A questo punto tieni conto che ero molto giovane. E anche che ero abituata ad innamorarmi dei personaggi che vedevo in televisione, vivi o morti che fossero. Quando decisi insomma di diventare tifosa del Cagliari fu naturale imparare tutto sui giocatori e per prima cosa decidere chi era carino e chi no. Com'era possibile quindi non innamorarmi di Lui? di Lui che era il più famoso giocatore del momento? e il più bello? no, forse il più bello no, tutto sommato aveva le gambe storte e il viso molto scavato, non era bellissimo, ma aveva una qualità che nessun altro aveva: non si sentiva bello, non "faceva" il bello. Era stranamente autentico, a costo di essere scorbutico con chi lo assillava. Ma era lui, il Grande Calciatore. Fortissimo, bravissimo. E soprattutto amava (ama) il calcio con tutto se stesso, era leale, sportivo, sempre corretto in campo, anche con chi cercava di fermarlo con metodi poco ortodossi (cioè praticamente tutti, perché quando aveva il pallone lui faceva paura). E poi adorava la Sardegna. Non era la sua terra d'origine, ma l'aveva adottata con convinzione e non è mai tornato indietro. A quei tempi cominciavano a girare nell'ambiente cifre da capogiro, e lui era il più ambito da tutti. Ma restò al Cagliari. Era ricco, certo, ma rinunciò con estrema intelligenza a diventare inutilmente ancora più ricco per essere fedele a se stesso. Curioso, mi viene in mente un'altra persona, una cantante, no, la cantante italiana per eccellenza, unica e irraggiungibile, che fece una scelta analoga. Scelta di grande intelligenza. 

 

Insomma, tornando a noi: con tutti questi presupposti potevo io, piccola e comune mortale, restare insensibile al fascino di un uomo che veniva adorato da centinaia di migliaia di ragazzine come me? Naturalmente no. E infatti me ne innamorai perdutamente, con quel gusto che solo un innamoramento a distanza di anni luce nel Kronos e nel Kairos poteva dare. Mi innamorai di lui come mi ero innamorata del fratello della mia amica delle medie. Era bello sapere che esisteva, era bello trovarne una foto su un giornale, era bello pensare a lui ascoltando una canzone.
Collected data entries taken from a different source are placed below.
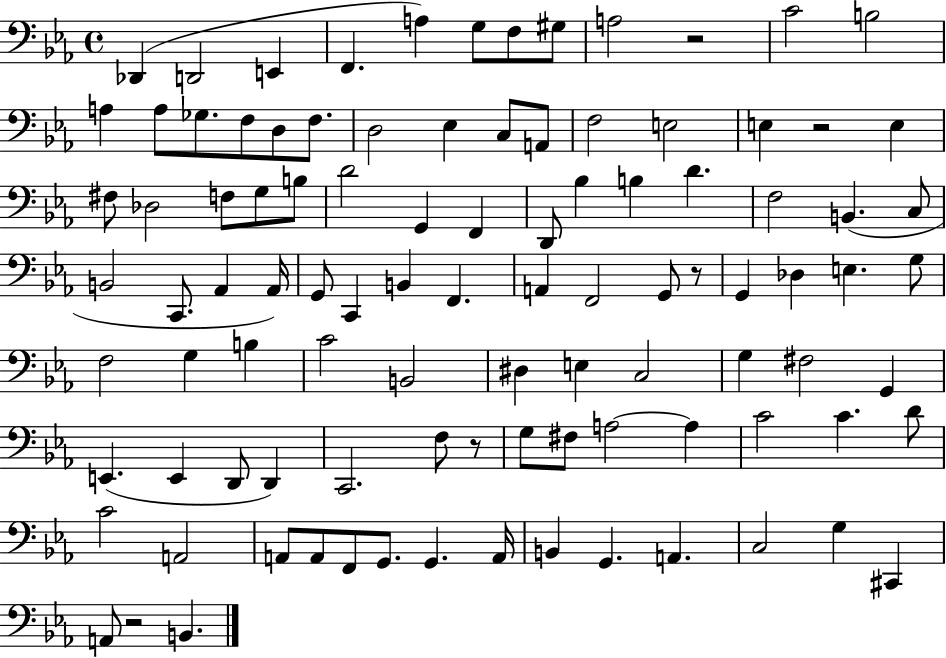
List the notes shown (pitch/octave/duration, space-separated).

Db2/q D2/h E2/q F2/q. A3/q G3/e F3/e G#3/e A3/h R/h C4/h B3/h A3/q A3/e Gb3/e. F3/e D3/e F3/e. D3/h Eb3/q C3/e A2/e F3/h E3/h E3/q R/h E3/q F#3/e Db3/h F3/e G3/e B3/e D4/h G2/q F2/q D2/e Bb3/q B3/q D4/q. F3/h B2/q. C3/e B2/h C2/e. Ab2/q Ab2/s G2/e C2/q B2/q F2/q. A2/q F2/h G2/e R/e G2/q Db3/q E3/q. G3/e F3/h G3/q B3/q C4/h B2/h D#3/q E3/q C3/h G3/q F#3/h G2/q E2/q. E2/q D2/e D2/q C2/h. F3/e R/e G3/e F#3/e A3/h A3/q C4/h C4/q. D4/e C4/h A2/h A2/e A2/e F2/e G2/e. G2/q. A2/s B2/q G2/q. A2/q. C3/h G3/q C#2/q A2/e R/h B2/q.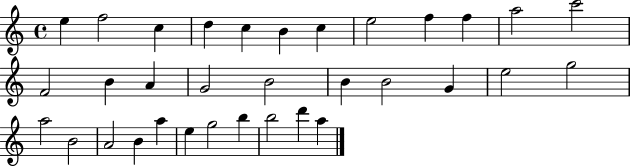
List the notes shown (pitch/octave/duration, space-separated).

E5/q F5/h C5/q D5/q C5/q B4/q C5/q E5/h F5/q F5/q A5/h C6/h F4/h B4/q A4/q G4/h B4/h B4/q B4/h G4/q E5/h G5/h A5/h B4/h A4/h B4/q A5/q E5/q G5/h B5/q B5/h D6/q A5/q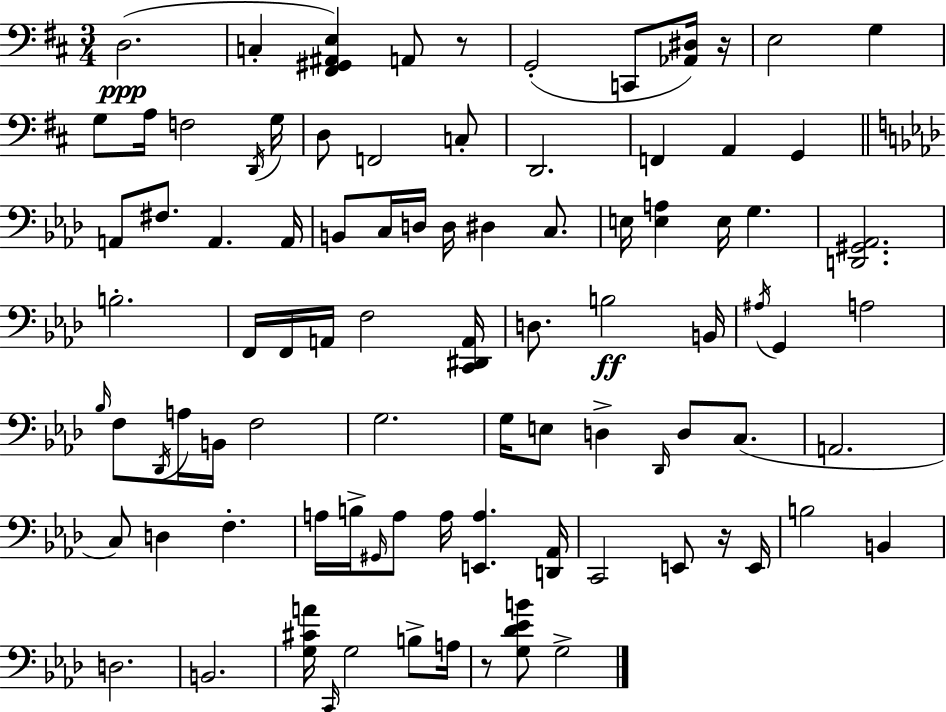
{
  \clef bass
  \numericTimeSignature
  \time 3/4
  \key d \major
  d2.(\ppp | c4-. <fis, gis, ais, e>4) a,8 r8 | g,2-.( c,8 <aes, dis>16) r16 | e2 g4 | \break g8 a16 f2 \acciaccatura { d,16 } | g16 d8 f,2 c8-. | d,2. | f,4 a,4 g,4 | \break \bar "||" \break \key aes \major a,8 fis8. a,4. a,16 | b,8 c16 d16 d16 dis4 c8. | e16 <e a>4 e16 g4. | <d, gis, aes,>2. | \break b2.-. | f,16 f,16 a,16 f2 <c, dis, a,>16 | d8. b2\ff b,16 | \acciaccatura { ais16 } g,4 a2 | \break \grace { bes16 } f8 \acciaccatura { des,16 } a16 b,16 f2 | g2. | g16 e8 d4-> \grace { des,16 } d8 | c8.( a,2. | \break c8) d4 f4.-. | a16 b16-> \grace { gis,16 } a8 a16 <e, a>4. | <d, aes,>16 c,2 | e,8 r16 e,16 b2 | \break b,4 d2. | b,2. | <g cis' a'>16 \grace { c,16 } g2 | b8-> a16 r8 <g des' ees' b'>8 g2-> | \break \bar "|."
}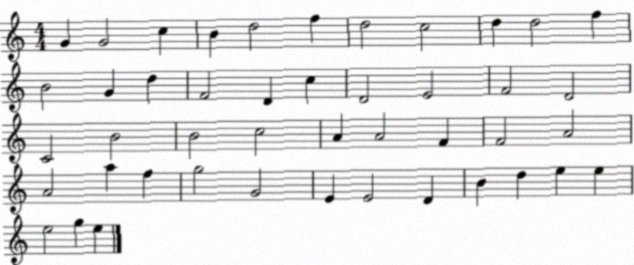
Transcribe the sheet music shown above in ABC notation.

X:1
T:Untitled
M:4/4
L:1/4
K:C
G G2 c B d2 f d2 c2 d d2 f B2 G d F2 D c D2 E2 F2 D2 C2 B2 B2 c2 A A2 F F2 A2 A2 a f g2 G2 E E2 D B d e e e2 g e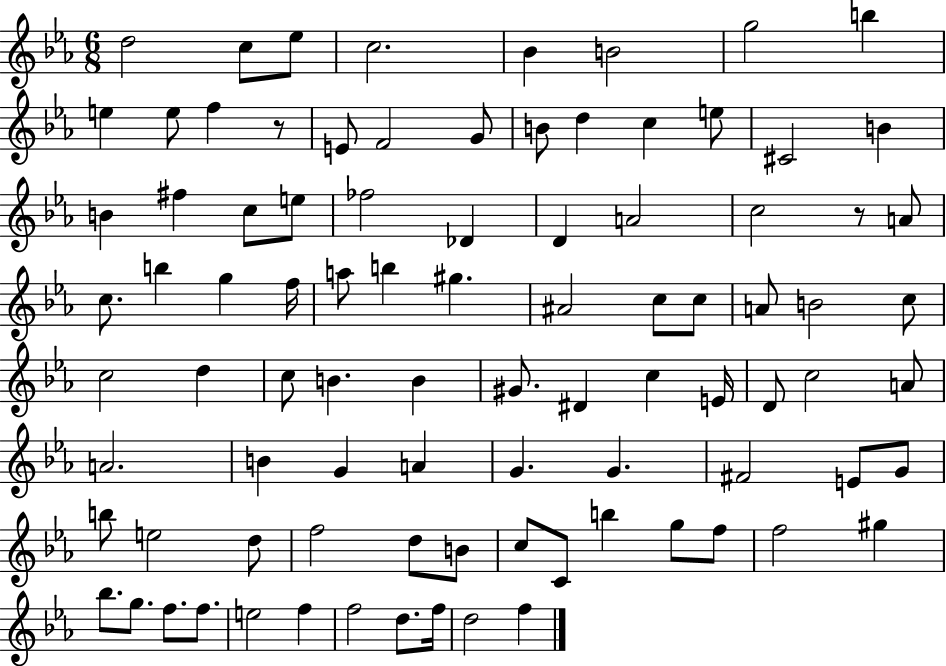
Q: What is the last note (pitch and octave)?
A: F5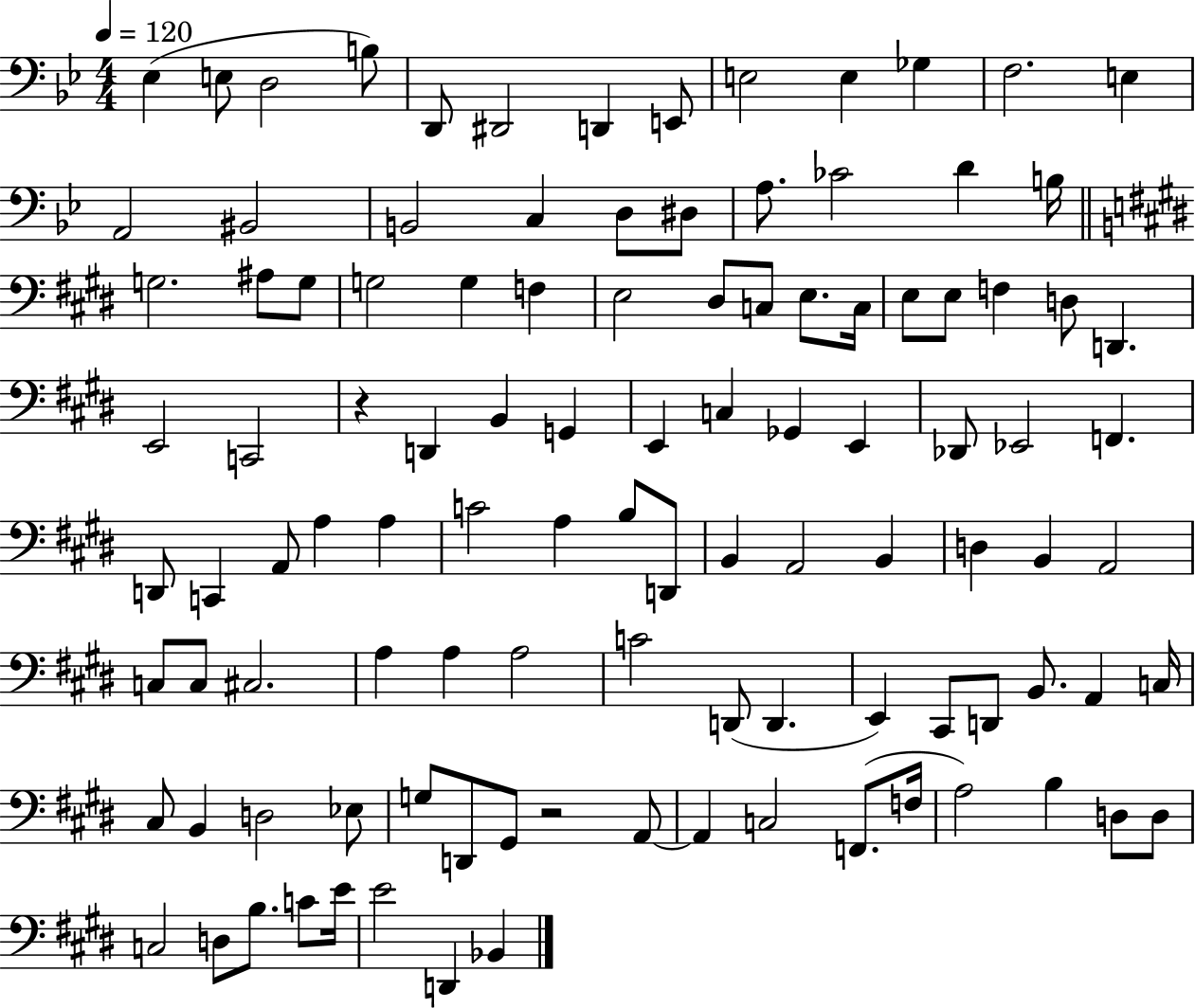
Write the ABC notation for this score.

X:1
T:Untitled
M:4/4
L:1/4
K:Bb
_E, E,/2 D,2 B,/2 D,,/2 ^D,,2 D,, E,,/2 E,2 E, _G, F,2 E, A,,2 ^B,,2 B,,2 C, D,/2 ^D,/2 A,/2 _C2 D B,/4 G,2 ^A,/2 G,/2 G,2 G, F, E,2 ^D,/2 C,/2 E,/2 C,/4 E,/2 E,/2 F, D,/2 D,, E,,2 C,,2 z D,, B,, G,, E,, C, _G,, E,, _D,,/2 _E,,2 F,, D,,/2 C,, A,,/2 A, A, C2 A, B,/2 D,,/2 B,, A,,2 B,, D, B,, A,,2 C,/2 C,/2 ^C,2 A, A, A,2 C2 D,,/2 D,, E,, ^C,,/2 D,,/2 B,,/2 A,, C,/4 ^C,/2 B,, D,2 _E,/2 G,/2 D,,/2 ^G,,/2 z2 A,,/2 A,, C,2 F,,/2 F,/4 A,2 B, D,/2 D,/2 C,2 D,/2 B,/2 C/2 E/4 E2 D,, _B,,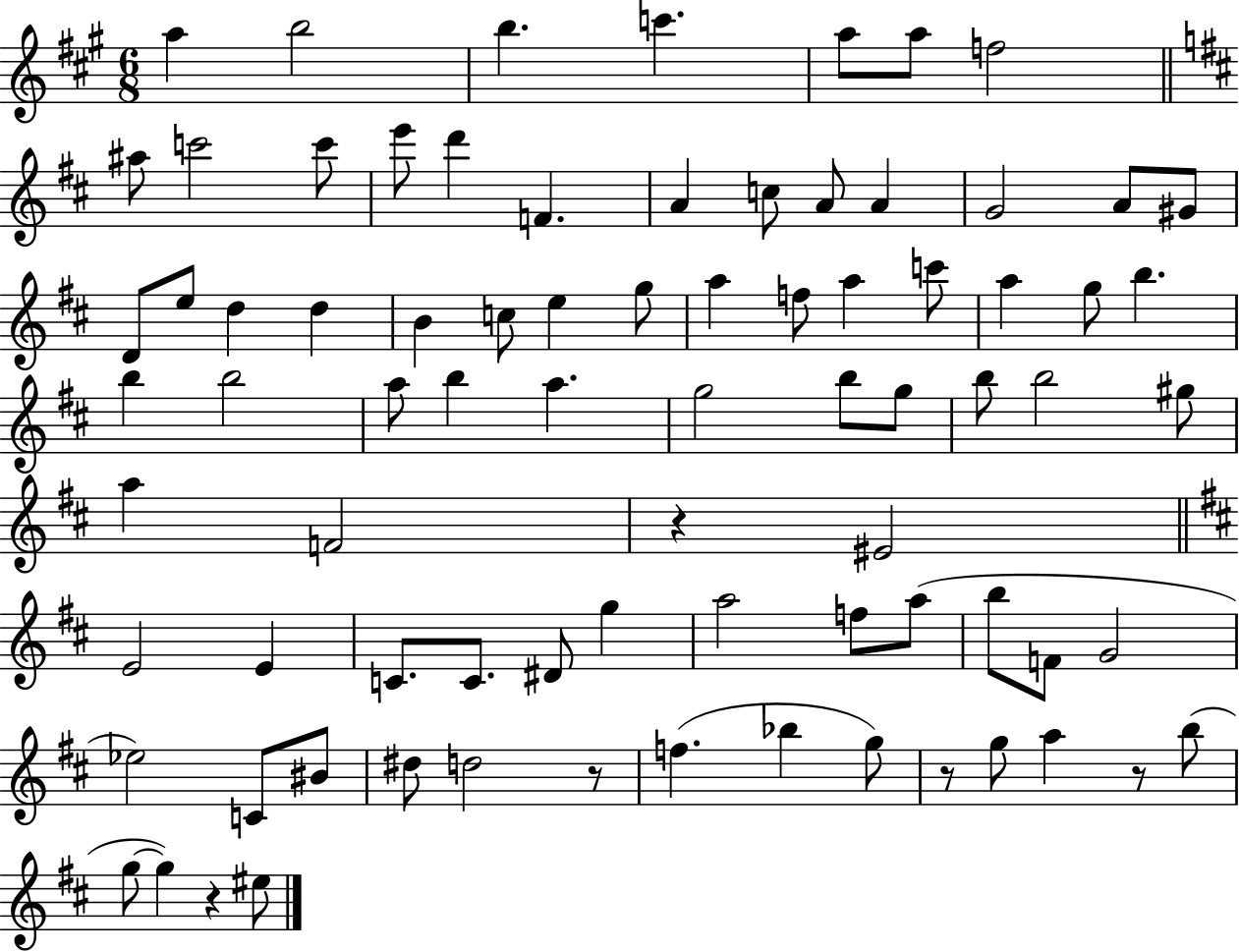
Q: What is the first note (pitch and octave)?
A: A5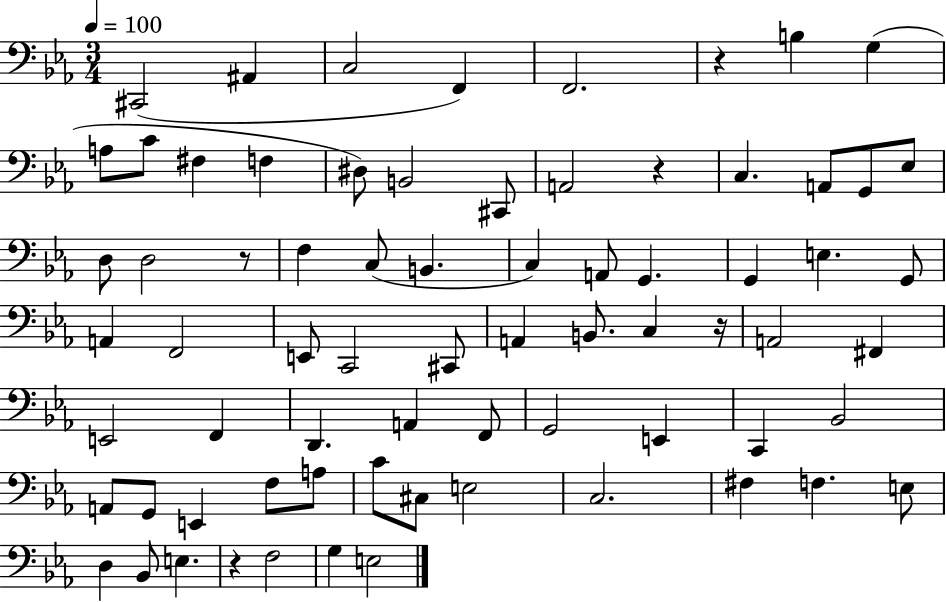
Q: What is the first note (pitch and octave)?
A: C#2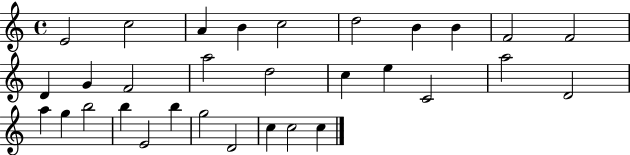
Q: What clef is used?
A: treble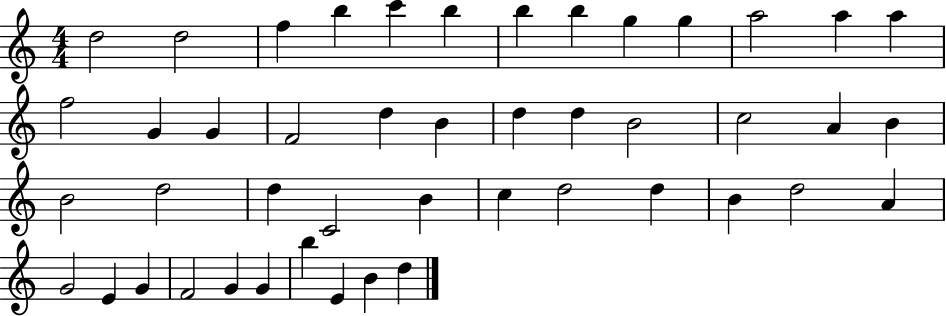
D5/h D5/h F5/q B5/q C6/q B5/q B5/q B5/q G5/q G5/q A5/h A5/q A5/q F5/h G4/q G4/q F4/h D5/q B4/q D5/q D5/q B4/h C5/h A4/q B4/q B4/h D5/h D5/q C4/h B4/q C5/q D5/h D5/q B4/q D5/h A4/q G4/h E4/q G4/q F4/h G4/q G4/q B5/q E4/q B4/q D5/q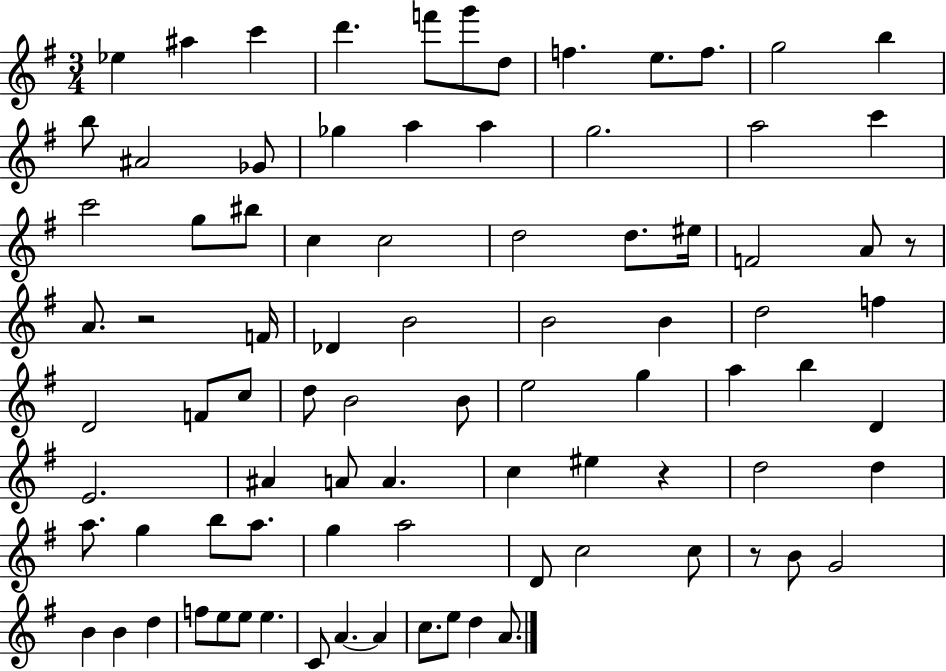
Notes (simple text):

Eb5/q A#5/q C6/q D6/q. F6/e G6/e D5/e F5/q. E5/e. F5/e. G5/h B5/q B5/e A#4/h Gb4/e Gb5/q A5/q A5/q G5/h. A5/h C6/q C6/h G5/e BIS5/e C5/q C5/h D5/h D5/e. EIS5/s F4/h A4/e R/e A4/e. R/h F4/s Db4/q B4/h B4/h B4/q D5/h F5/q D4/h F4/e C5/e D5/e B4/h B4/e E5/h G5/q A5/q B5/q D4/q E4/h. A#4/q A4/e A4/q. C5/q EIS5/q R/q D5/h D5/q A5/e. G5/q B5/e A5/e. G5/q A5/h D4/e C5/h C5/e R/e B4/e G4/h B4/q B4/q D5/q F5/e E5/e E5/e E5/q. C4/e A4/q. A4/q C5/e. E5/e D5/q A4/e.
Era bello sognarlo... 

Ma  qui cominciano le complicazioni.... quindi procediamo con ordine. 

 

Il Grande Amore per il Grande Calciatore non mi aveva certo impedito di vivere la mia normale vita di ragazzina che cresceva, di avere il mio primo filarino reale (e il meno interessante) e probabilmente di innamorarmi contemporaneamente di una serie di attori, cantanti e altri personaggi più o meno di carta che vedevo in TV o a teatro. Ma poi successe qualcosa, quando già avevo finito la scuola e non ero più tanto ragazzina, perlomeno in teoria perché io a vent'anni ero ancora molto, molto ragazzina. Intellettuale e politicamente impegnatissima ma molto infantile per quello che riguardava tutte le questioni relative a civetterie e cose del genere: un po' per ingenuità e molto per orgoglio... potevo abbassarmi io a civettare? ovviamente no. Infatti le mie amiche erano piene di corteggiatori e io no. E se li avevo non me ne accorgevo o li facevo scappare a gambe levate. Sigh... 

 

Insomma, successe una notte di primavera, nel 1974. Lo sognai. Il Grande Calciatore. Mi trovavo sul balcone di casa mia con lui, che aveva una camicia bianca. Mi sorrise? non lo so, non mi ricordo esattamente. Ma ricordo che mi prese la mano. E mi sembra di sentirlo ancora, il tocco di quella mano... E poi... basta. Tutto lì.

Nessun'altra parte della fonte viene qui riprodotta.